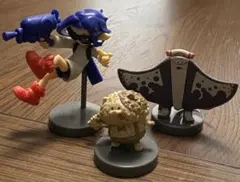 Splatoon3 チョコエッグ フィギュア　3点セット
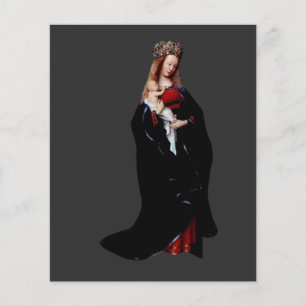 A Madonna na Igreja de Jan van Eyck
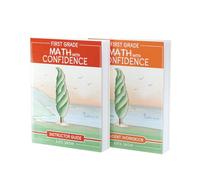 First Grade Math With Confidence Bundle: Instructor Guide + Student Workbook: 0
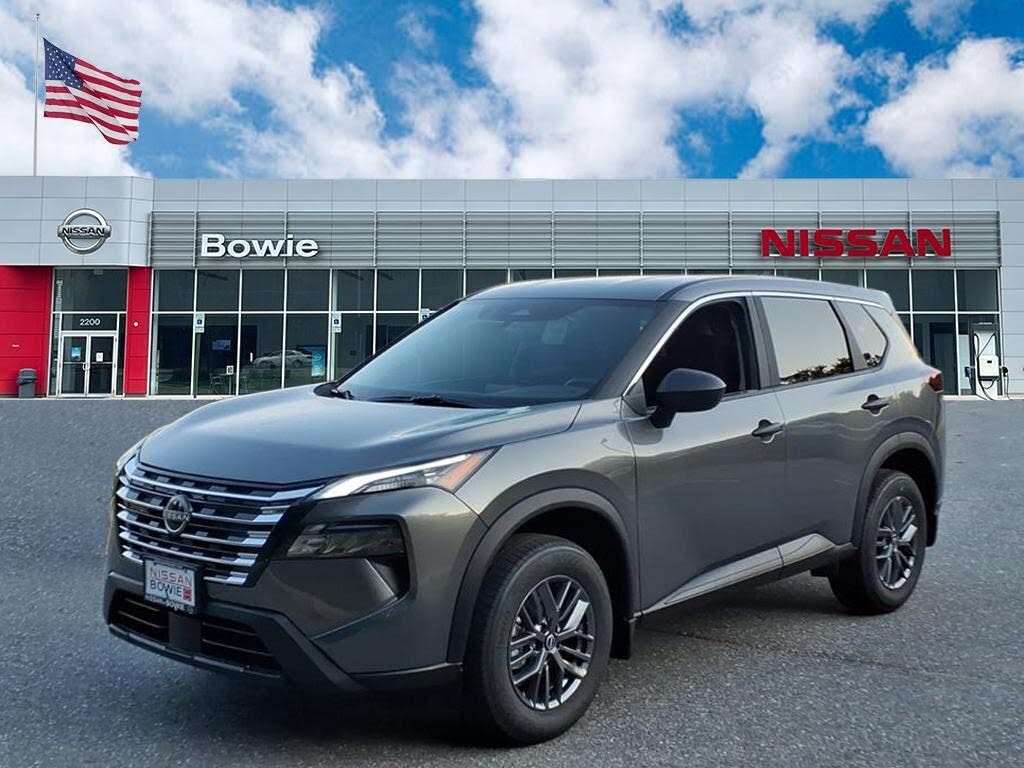 2026 Nissan Rogue S AWD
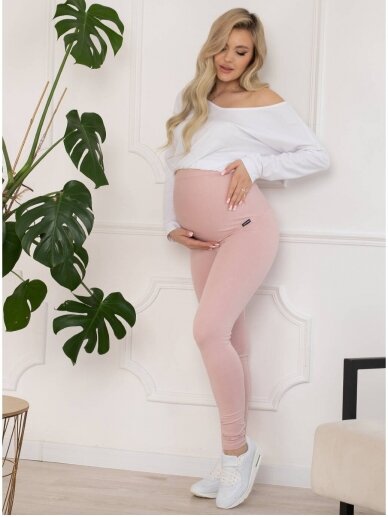 Maternity leggings, Classic, ForMommy (pink) 3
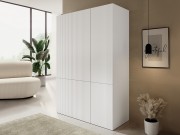 Kleiderschrank Sinenko 90 2D + 45 1D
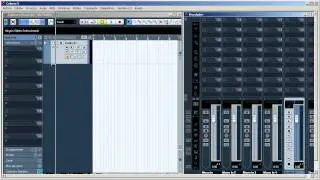 Grabación con efectos en Cubase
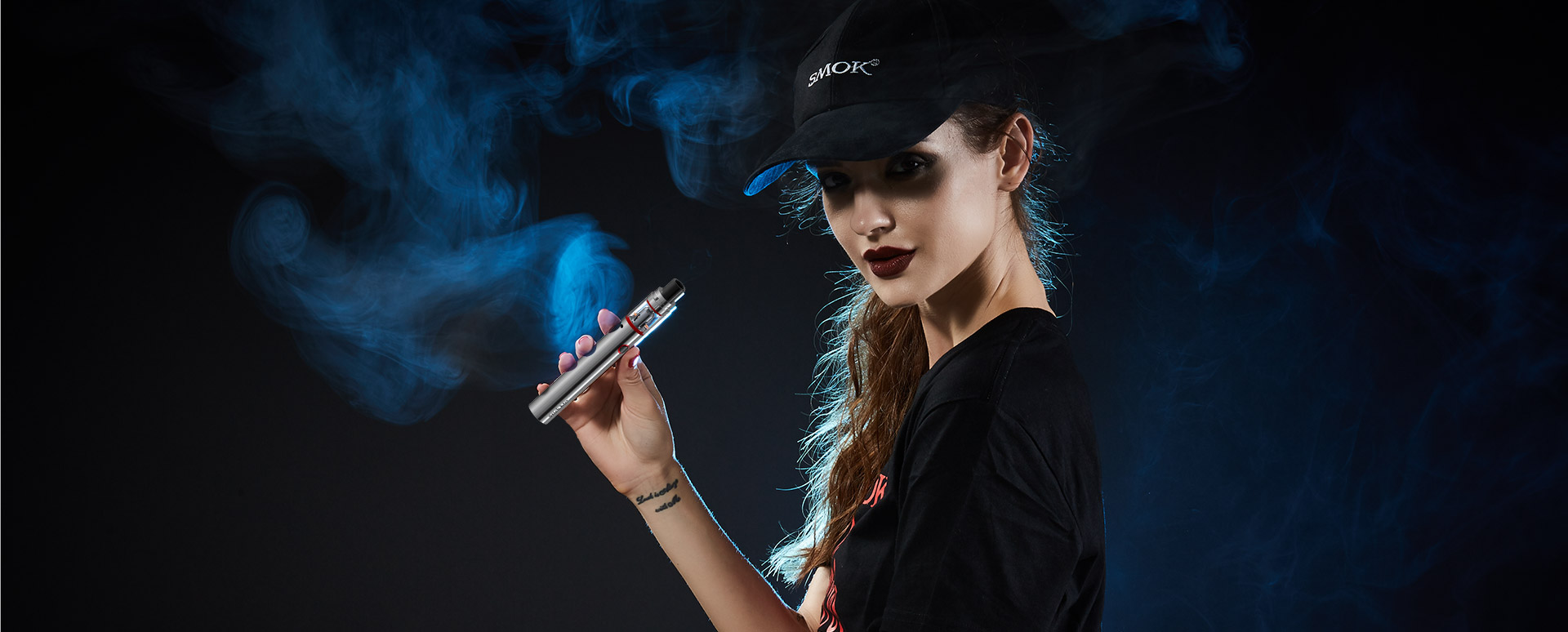 SMOK Stick M17 Mod with One Button for All Operations Feature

**Task to carry out**
Copy each line above exactly. Images do not belong in the copy.

**Solution for this task**
 Splatoon3 チョコエッグ フィギュア　3点セット
 A Madonna na Igreja de Jan van Eyck
 First Grade Math With Confidence Bundle: Instructor Guide + Student Workbook: 0
 2026 Nissan Rogue S AWD
 Maternity leggings, Classic, ForMommy (pink) 3
 Kleiderschrank Sinenko 90 2D + 45 1D
 Grabación con efectos en Cubase
 SMOK Stick M17 Mod with One Button for All Operations Feature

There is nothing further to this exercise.